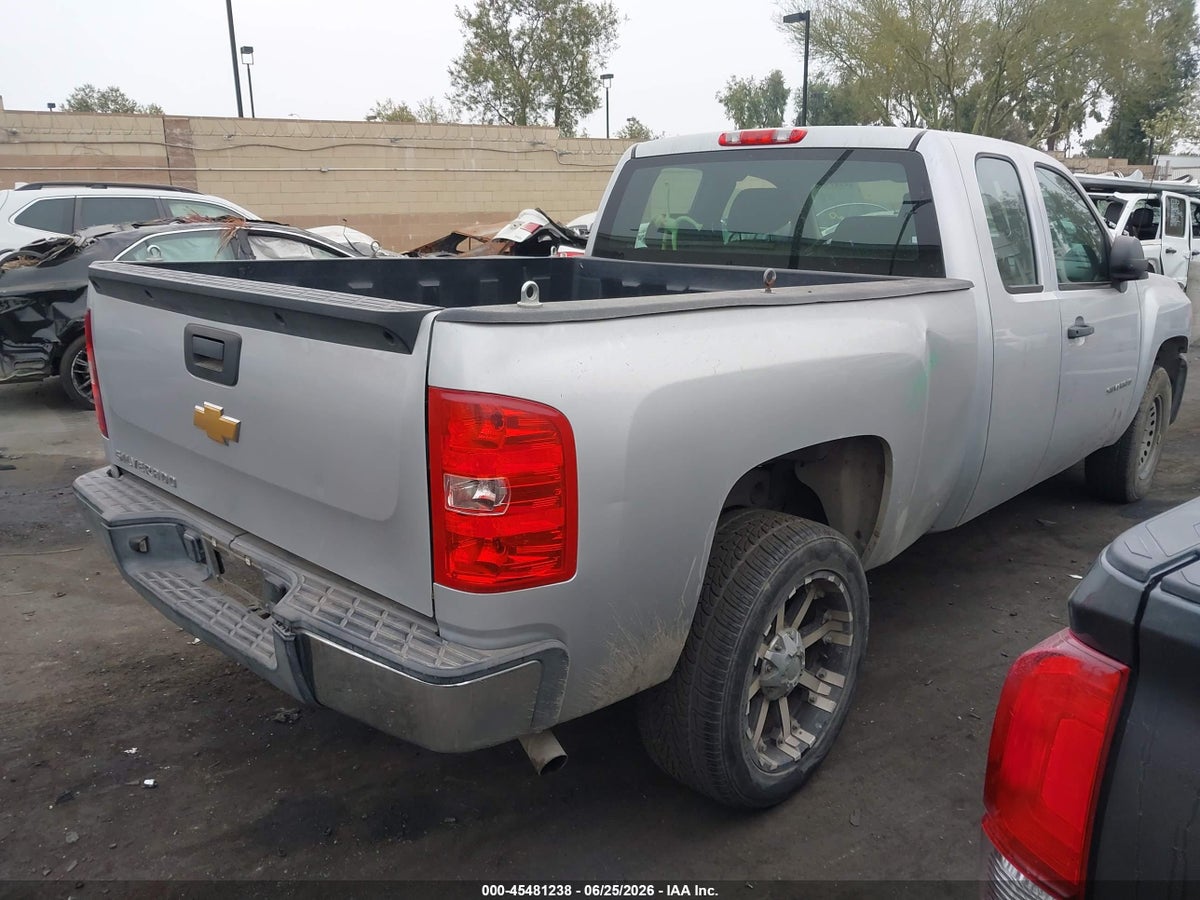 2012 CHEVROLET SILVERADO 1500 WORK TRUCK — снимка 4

┄┄┄┄┄┄┄┄┄┄┄┄┄┄┄┄┄┄┄┄

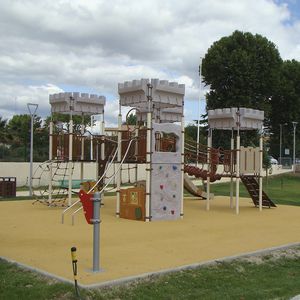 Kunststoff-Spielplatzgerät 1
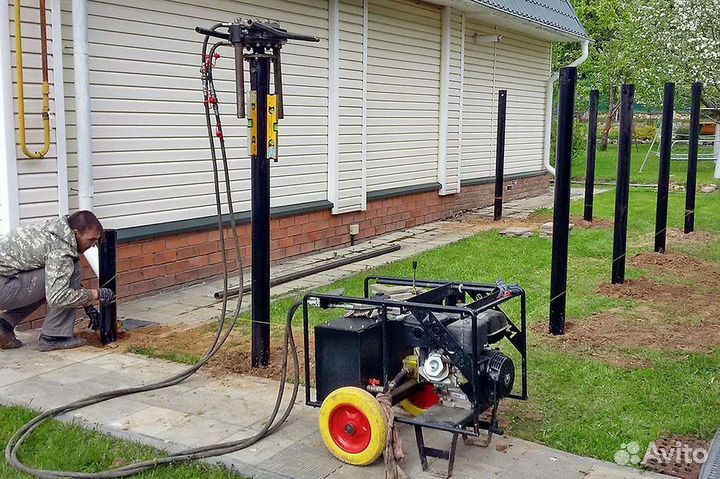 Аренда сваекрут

┄┄┄┄┄┄┄┄┄┄┄┄┄┄┄┄┄┄┄┄

In the listing above, the required lines run from the line with "Kunststoff-Spielplatzgerät 1" through the line with "Аренда сваекрут". Output exactly those lines, omitting pictures.

### Answer
 Kunststoff-Spielplatzgerät 1
 Аренда сваекрут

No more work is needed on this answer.